(What to work on):
Leave every image behind and restate the data word for word.
####################
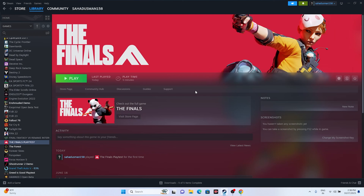Hello everyone, welcome back to Good Draw Tips. In this video we're going to talk about how to fix The Finals crashing issue, not launching or won't launch, freezing, stuttering, lagging, low FPS drop, stuck on loading screen, and even the black screen issue which is happening for many users right now, and how we can fix this. So let's dive into the workarounds.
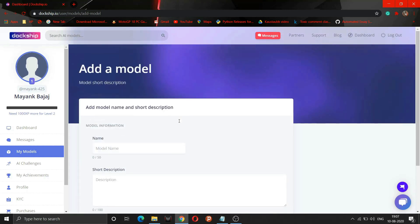By filling in all the valuable information and description, I can upload my model. But as of now, I can upload my model for free of cost but I can't earn money from it. For that, I have to go to the model section.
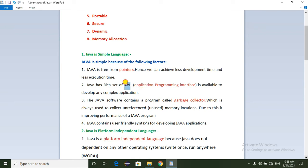In Java, we have a predefined API interface with classes and methods. We can use the predefined methods and classes by simply importing the package. The internal code is already developed, which makes Java a simple language.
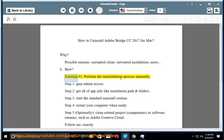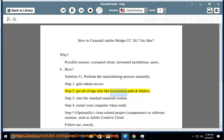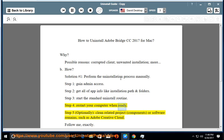How? Solution number 1: perform the uninstallation process manually. Step 1: gain admin access. Step 2: get all of the app info like installation path and folders. Step 3: start the standard uninstall routine. Step 4: restart your computer when ready. Step 5: optionally clean related project components or software remains, such as Adobe Creative Cloud.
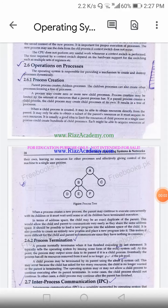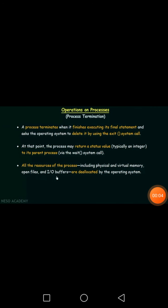The next topic is process termination. A process terminates when it finishes executing its final statement and asks the operating system to delete it by using the exit system call. The exit system call takes a status value that is returned to the parent process.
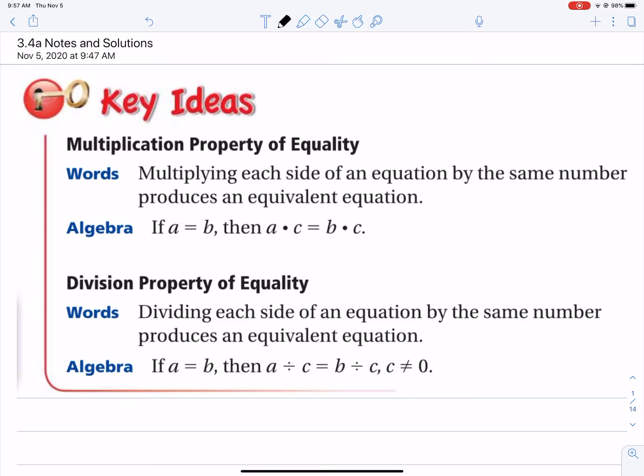Hello math class, this is Mr. Jacobs and we're looking at section 3.4: solving equations using the multiplication and division property of equality. These notes are from our textbook.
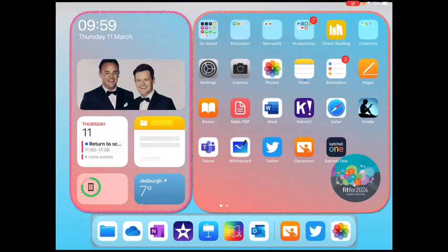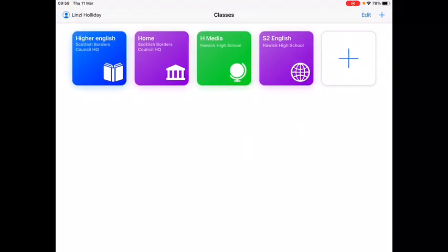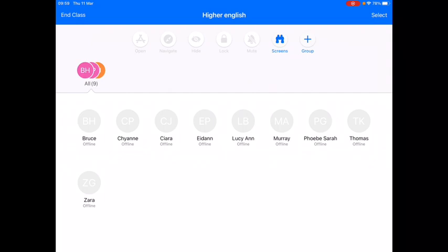To reset a pupil's Apple ID password, open your Classroom app. From the dashboard, select the class that your pupil belongs to. Then tap on the name of the pupil whose password you wish to change.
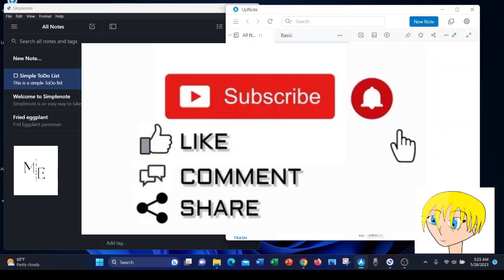So with all that being said, which note-taking app would you use? Just leave your comments and like and subscribe.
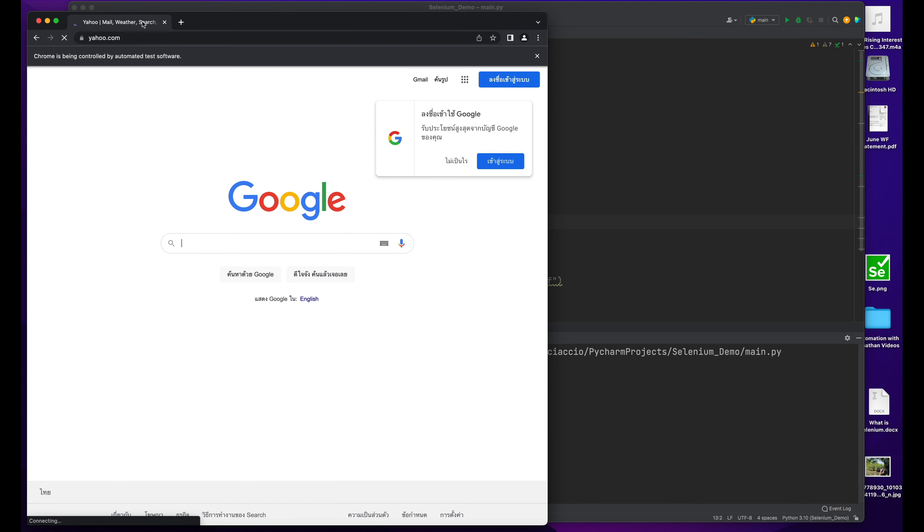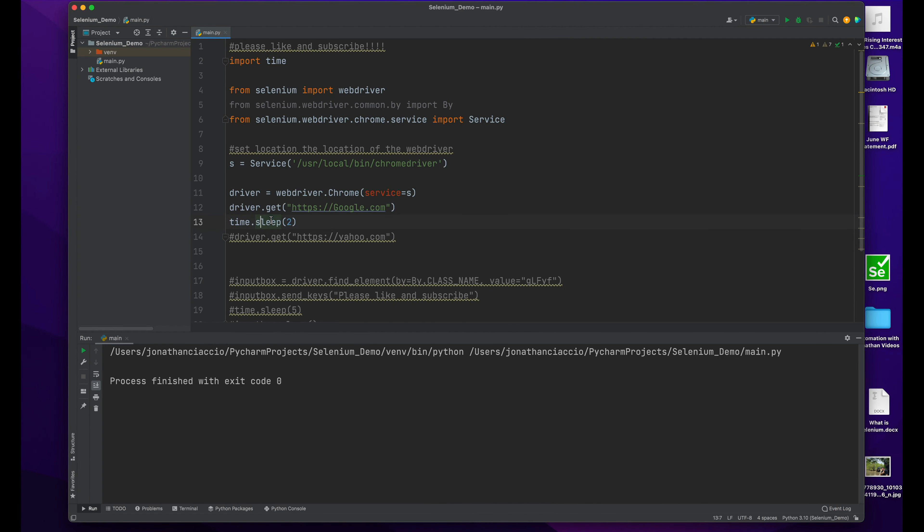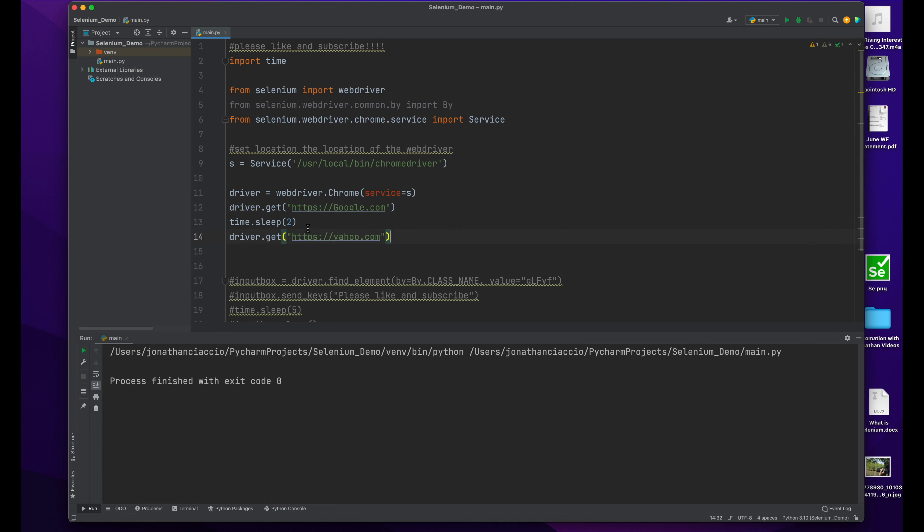I'll show you right now. All you do is, in the same way that you got your initial page with the driver.get method, you just do that for the new page. So I added yahoo.com here.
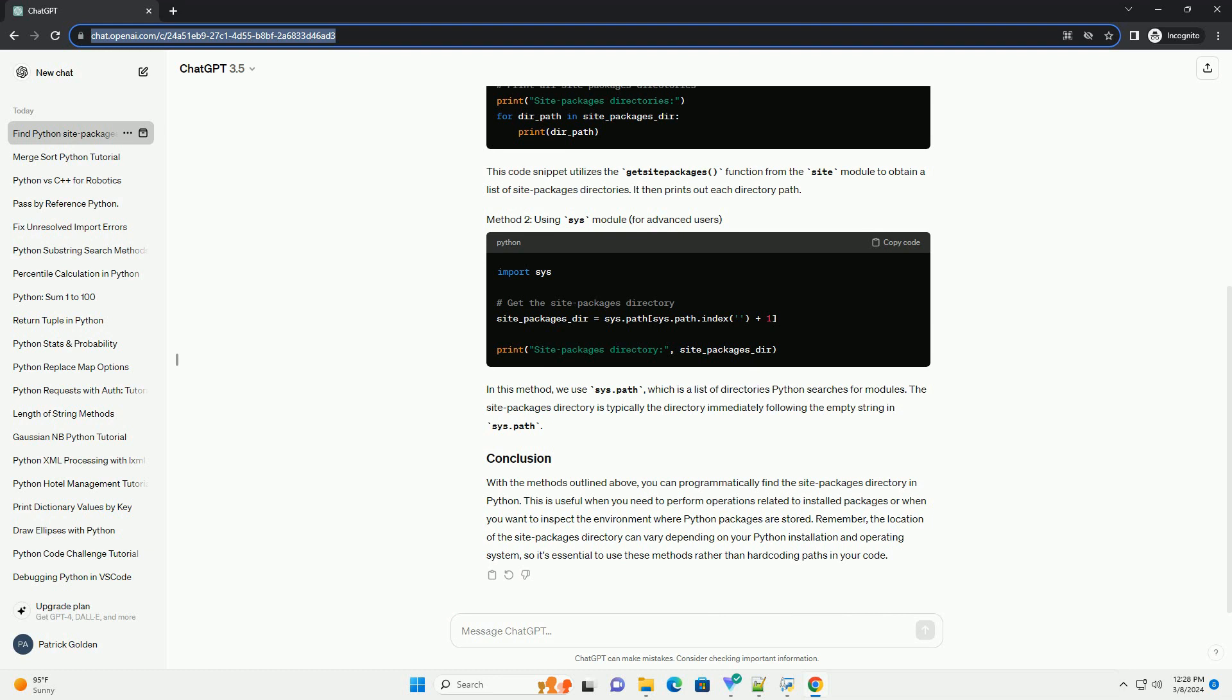With the methods outlined above, you can programmatically find the site packages directory in Python. This is useful when you need to perform operations related to installed packages or when you want to inspect the environment where Python packages are stored.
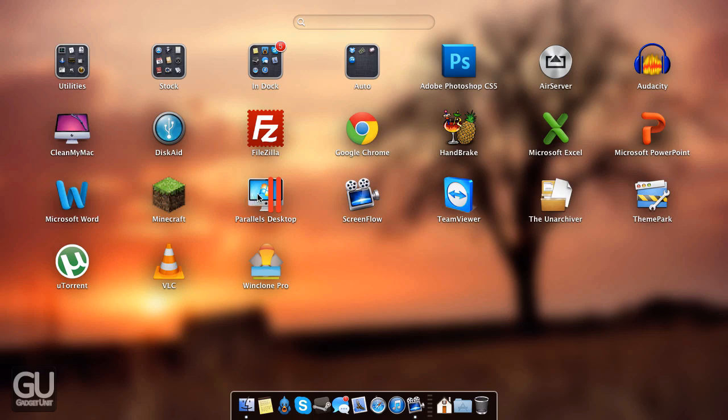I also have Parallels Desktop 8 for running Windows inside of Mac OS X so that I don't have to wait a long time to reboot my machine. If you do have Windows installed via Bootcamp, there's about a 15 to 20 second delay after the boot screen goes up and when you boot it through a virtual machine that doesn't happen.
####################
(Expected output):
Hello everyone, welcome back to Good Draw Tips. In this video we're going to talk about how to fix The Finals crashing issue, not launching or won't launch, freezing, stuttering, lagging, low FPS drop, stuck on loading screen, and even the black screen issue which is happening for many users right now, and how we can fix this. So let's dive into the workarounds.
By filling in all the valuable information and description, I can upload my model. But as of now, I can upload my model for free of cost but I can't earn money from it. For that, I have to go to the model section.
In Java, we have a predefined API interface with classes and methods. We can use the predefined methods and classes by simply importing the package. The internal code is already developed, which makes Java a simple language.
How? Solution number 1: perform the uninstallation process manually. Step 1: gain admin access. Step 2: get all of the app info like installation path and folders. Step 3: start the standard uninstall routine. Step 4: restart your computer when ready. Step 5: optionally clean related project components or software remains, such as Adobe Creative Cloud.
The next topic is process termination. A process terminates when it finishes executing its final statement and asks the operating system to delete it by using the exit system call. The exit system call takes a status value that is returned to the parent process.
Hello math class, this is Mr. Jacobs and we're looking at section 3.4: solving equations using the multiplication and division property of equality. These notes are from our textbook.
To reset a pupil's Apple ID password, open your Classroom app. From the dashboard, select the class that your pupil belongs to. Then tap on the name of the pupil whose password you wish to change.
So with all that being said, which note-taking app would you use? Just leave your comments and like and subscribe.
I'll show you right now. All you do is, in the same way that you got your initial page with the driver.get method, you just do that for the new page. So I added yahoo.com here.
With the methods outlined above, you can programmatically find the site packages directory in Python. This is useful when you need to perform operations related to installed packages or when you want to inspect the environment where Python packages are stored.
I also have Parallels Desktop 8 for running Windows inside of Mac OS X so that I don't have to wait a long time to reboot my machine. If you do have Windows installed via Bootcamp, there's about a 15 to 20 second delay after the boot screen goes up and when you boot it through a virtual machine that doesn't happen.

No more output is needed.